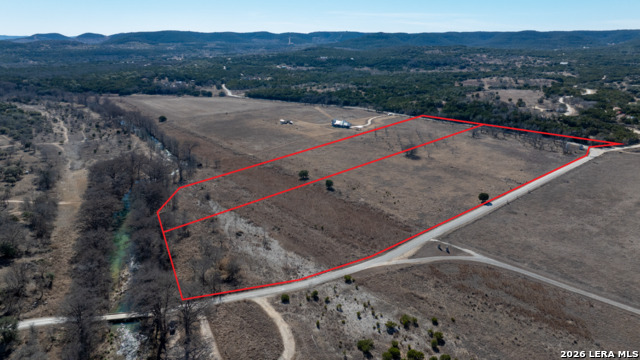 Image 3 of 26 For 11± Ac On Moffett Rd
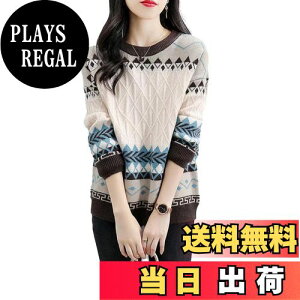 yz[JLBOCMGT] jbg Z[^[ fB[X ێ  vI[o[ gbvX   JWA g t@bV Vv 邢 K ʋ i t H ~ FFu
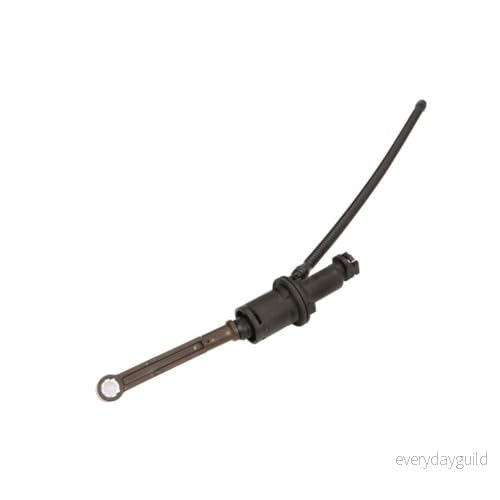 SACHS Huvudcylinder, koppling 6284 605 066 4013872850761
****************
Problem to solve:
Please give every line above again word for word, apart from the pictures.

Written answer:
 Image 3 of 26 For 11± Ac On Moffett Rd
 yz[JLBOCMGT] jbg Z[^[ fB[X ێ  vI[o[ gbvX   JWA g t@bV Vv 邢 K ʋ i t H ~ FFu
 SACHS Huvudcylinder, koppling 6284 605 066 4013872850761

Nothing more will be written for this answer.